Observations can be turned into data by measurement. Measurements can be summarized by statistical analysis, and then decision-making ideas start to emerge from the numbers.
But wait! there is this thing called “the grouping error”.
Here is our classic “classroom” story illustrating this problem:
Ten machines are “bubble-packing a consumer product and a statistical summary concludes that about 1% of the packages are mangled, damaged – crushed in the packaging machines. It’s appears to be an alignment failure of conveyor, product and heat-sealing stamp/press.
This idea begins to emerge. What do these ten machines have in common that causes an occasional alignment failure? Is it a Timing mechanism? Are there plastic parts that should be replaced with steel? Do we need to rebuild/replace these machines with precision stepping motor components? (Don’t raid the capital expenditure budget yet!)
Here is how the 1% came to be: ONE machine had a 10% scrap rate and the remaining nine had little or none. A DIFFERENT IDEA emerges from the numbers: what is different about machine number ten?!!
I have seen this exact issue in more than one industry/process, and of course there are ways to be vigilant and catch this mistake before the final roll-up of data into a final report.
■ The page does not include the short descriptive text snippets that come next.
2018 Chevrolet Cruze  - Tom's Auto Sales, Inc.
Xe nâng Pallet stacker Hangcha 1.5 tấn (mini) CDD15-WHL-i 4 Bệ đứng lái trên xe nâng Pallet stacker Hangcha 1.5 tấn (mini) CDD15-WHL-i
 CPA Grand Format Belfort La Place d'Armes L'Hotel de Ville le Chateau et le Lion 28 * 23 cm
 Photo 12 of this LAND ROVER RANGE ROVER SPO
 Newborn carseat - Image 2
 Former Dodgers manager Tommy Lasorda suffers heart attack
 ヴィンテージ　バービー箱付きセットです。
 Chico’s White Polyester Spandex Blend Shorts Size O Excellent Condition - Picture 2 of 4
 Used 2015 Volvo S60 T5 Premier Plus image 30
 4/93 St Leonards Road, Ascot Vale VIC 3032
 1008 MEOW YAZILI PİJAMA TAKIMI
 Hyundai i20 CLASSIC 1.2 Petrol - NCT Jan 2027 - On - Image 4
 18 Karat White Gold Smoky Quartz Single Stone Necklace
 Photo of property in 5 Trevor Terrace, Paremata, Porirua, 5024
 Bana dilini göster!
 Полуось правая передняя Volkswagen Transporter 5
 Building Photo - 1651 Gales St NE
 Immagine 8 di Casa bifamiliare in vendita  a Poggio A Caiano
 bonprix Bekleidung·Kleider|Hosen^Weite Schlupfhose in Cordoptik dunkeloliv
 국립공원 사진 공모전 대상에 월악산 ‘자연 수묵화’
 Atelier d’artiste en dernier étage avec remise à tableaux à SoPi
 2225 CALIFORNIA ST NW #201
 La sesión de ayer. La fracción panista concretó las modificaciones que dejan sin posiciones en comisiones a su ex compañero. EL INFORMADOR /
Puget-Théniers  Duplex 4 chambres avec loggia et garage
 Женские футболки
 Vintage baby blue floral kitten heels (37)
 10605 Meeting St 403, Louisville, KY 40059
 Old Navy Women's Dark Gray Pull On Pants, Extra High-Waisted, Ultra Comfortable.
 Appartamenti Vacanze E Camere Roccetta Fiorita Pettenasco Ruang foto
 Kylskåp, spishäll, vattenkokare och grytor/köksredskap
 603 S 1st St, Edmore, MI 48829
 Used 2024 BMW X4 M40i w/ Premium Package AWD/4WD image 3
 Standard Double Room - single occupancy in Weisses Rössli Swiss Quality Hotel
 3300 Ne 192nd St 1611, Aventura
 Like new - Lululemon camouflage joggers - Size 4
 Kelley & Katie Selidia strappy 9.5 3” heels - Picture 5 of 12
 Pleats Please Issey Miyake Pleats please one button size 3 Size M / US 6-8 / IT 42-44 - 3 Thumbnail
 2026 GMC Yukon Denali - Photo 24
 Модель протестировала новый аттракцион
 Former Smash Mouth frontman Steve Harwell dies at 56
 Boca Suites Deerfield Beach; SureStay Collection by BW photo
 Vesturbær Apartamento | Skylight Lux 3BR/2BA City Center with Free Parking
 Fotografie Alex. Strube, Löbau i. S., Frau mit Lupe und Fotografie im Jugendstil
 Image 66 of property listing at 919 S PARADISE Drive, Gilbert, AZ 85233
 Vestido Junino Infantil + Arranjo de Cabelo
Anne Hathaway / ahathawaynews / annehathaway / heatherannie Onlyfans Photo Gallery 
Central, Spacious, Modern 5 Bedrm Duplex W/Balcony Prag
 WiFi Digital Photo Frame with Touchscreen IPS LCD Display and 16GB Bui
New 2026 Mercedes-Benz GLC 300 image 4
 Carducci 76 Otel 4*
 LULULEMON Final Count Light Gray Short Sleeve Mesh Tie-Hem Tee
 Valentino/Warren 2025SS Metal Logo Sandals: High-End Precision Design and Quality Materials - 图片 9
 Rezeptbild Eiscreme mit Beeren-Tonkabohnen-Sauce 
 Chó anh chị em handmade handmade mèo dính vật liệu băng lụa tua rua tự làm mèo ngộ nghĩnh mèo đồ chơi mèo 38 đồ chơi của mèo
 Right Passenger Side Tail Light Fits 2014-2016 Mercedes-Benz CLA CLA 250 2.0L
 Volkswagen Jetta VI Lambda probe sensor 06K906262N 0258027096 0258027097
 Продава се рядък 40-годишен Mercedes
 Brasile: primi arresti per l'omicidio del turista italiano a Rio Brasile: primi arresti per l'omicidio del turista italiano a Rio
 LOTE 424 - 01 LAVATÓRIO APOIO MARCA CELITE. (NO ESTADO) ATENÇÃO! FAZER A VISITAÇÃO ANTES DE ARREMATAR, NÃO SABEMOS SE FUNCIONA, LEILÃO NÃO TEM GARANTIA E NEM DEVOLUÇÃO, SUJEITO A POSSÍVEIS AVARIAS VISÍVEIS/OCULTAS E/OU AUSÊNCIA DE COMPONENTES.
A data analyst might know that a histogram can show multiple peaks (“bimodal”) indicating that a single average does not describe the population. A statistician might look at data clusters or perform a F-test or test for a goodness of fit to a normal distribution. Any of these checks and more could be employed to examine suspicious data for a grouping error.
However, there are the facts we know from simply observing the thing we measure. CNC machining data should probably not be merged too early in the analysis with “old school” machining technology or additive manufacturing. Defective/damaged products manufactured from wood should be studied apart from same products made from metal . Call center calls with translators should not be prematurely grouped with calls handled by native speakers.
Working with data does NOT mean shutting out every other fact and observation available to us, and this other information guides us as we extract the right conclusions from the data we collect.